Вот так и было: тех литераторов и журналистов, которые с ним встречались, он интересовал в основном как «тип» и «легенда». Литературный же дар его воспринимался как нечто случайное и побочное. И Александр Васильевич чувствовал это, осознавал с горечью. «Очень странное мое литературное современное положение, — писал он. — С одной стороны, симпатия к моим пиэссам большая, популярность их огромная, и, говоря о пиэссах, их постоянно ставят рядом с “Ревизором” и “Горем от ума”, но относительно меня как личности и таланта — совершенное равнодушие, точно эти пиэссы не мои, а так, достались мне по наследству от отдаленного родственника, и будто я, вор, все их только напечатал».

Говорили и такое — обвиняли в воровстве. Утверждали, что «название комедии списано с какого-то малоизвестного французского автора» и что «Сухово-Кобылин никогда не мог написать “Свадьбы Кречинского”, потому что был безграмотен» («Ежегодник Императорских театров», сезон 1905/06 года).

А один критик из журнала «Дело», сличая в 1869 году произведения Сухово-Кобылина, высказался: «Вообще нужно заметить, что между “Свадьбой Кречинского” и другими двумя пьесами существует поразительное несходство: почти невозможно верить, что они написаны одним и тем же автором».

В его «странном» литературном положении просматривалась та непреодолимая закономерность, которая не допускала ничего одностороннего в его судьбе. Он желал быть независимым, и он был независим. Но независимость обернулась забвением — чудовищным забвением, гробом при жизни. Он игнорировал литературный мир и в своих заявлениях выражал явное презрение к литераторам, критикам, журналистам. Литературный мир игнорировал и презирал его. Великому Слепцу была по душе симметрия.

У него конечно же были привязанности в литературе, и не всякого писателя, «живого и мертвого», он поносил, как утверждал Боборыкин.

«Сухово-Кобылин выше всех поэтов ставил Шиллера и Гёте, — говорил в интервью газете «Русское слово» его племянник граф Салиас. — Он относился с большим уважением к Виктору Гюго, Шатобриану, Вольтеру, Руссо».

Великий комедиограф Франции Жан Батист Мольер восхищал его. Он читал и перечитывал его постоянно, называл «единственным и единым комиком» (он никогда не говорил «гений», это слово казалось ему чересчур напыщенным, он говорил «комик» о тех, перед чьим талантом преклонялся, и это вертлявое словечко в его устах звучало возвышенно и серьезно).

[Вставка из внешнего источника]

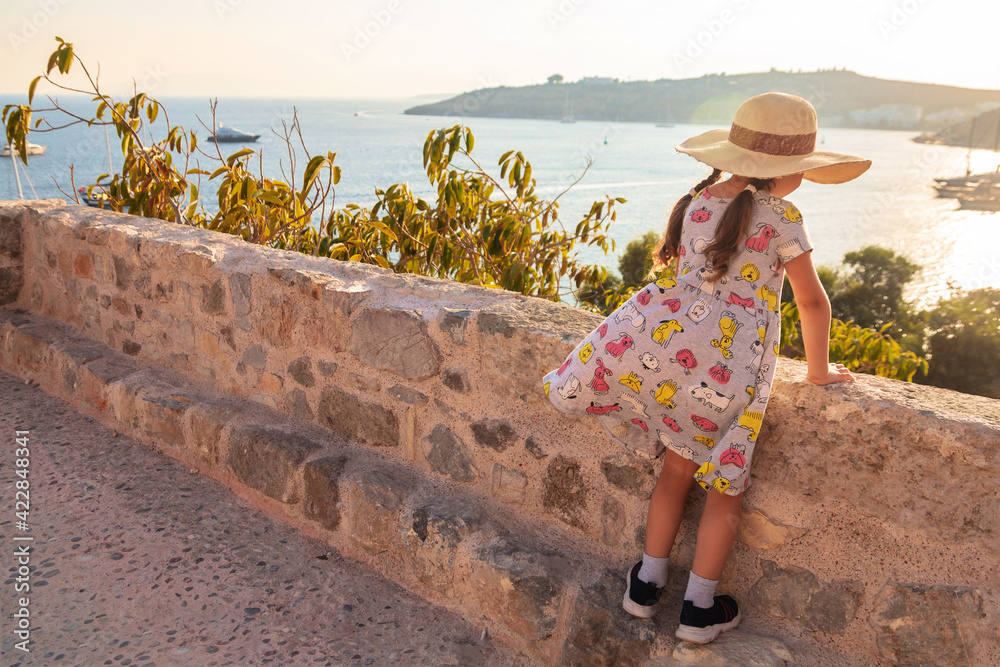 Obraz premium A little girl with a big hat looks at the sea and the city. A girl in the castle of Bodrum, Turkey. The baby is resting and going to the sights.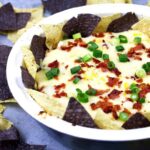 If you like cheese dips, this chipotle bacon corn cheese dip recipe is going to make you so happy! Baked in the oven with three different types of cheese, it's creamy and delicious.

Граф Салиас утверждал, что «русской литературой Сухово-Кобылин не интересовался и ничего не читал». В этом была доля истины. Он действительно мало читал русских писателей. Но всё же читал и чтил — тех, кто был ему дорог и близок — близок свойствами таланта. Книги Салтыкова-Щедрина и Гоголя он брал с собой во все поездки по Европе, они никогда не покидали его рабочего стола — ни в Кобылинке, ни в Гайросе, ни в Больё, где он доживал в одиночестве последние годы жизни. Салтыков-Щедрин, с которым Сухово-Кобылин лично не был знаком (о чем сожалел до слез, когда в 1889 году узнал о его смерти), восхищал его, он чувствовал в нем «родственное перо», удивлялся и радовался: «Читаю “Ташкентцы” Салтыкова — замечательное произведение по верности и свободе дикции и верности уязвляемых сторон России. Есть места поразительные, есть кое-что из “Дела”. Заметно и здесь его влияние».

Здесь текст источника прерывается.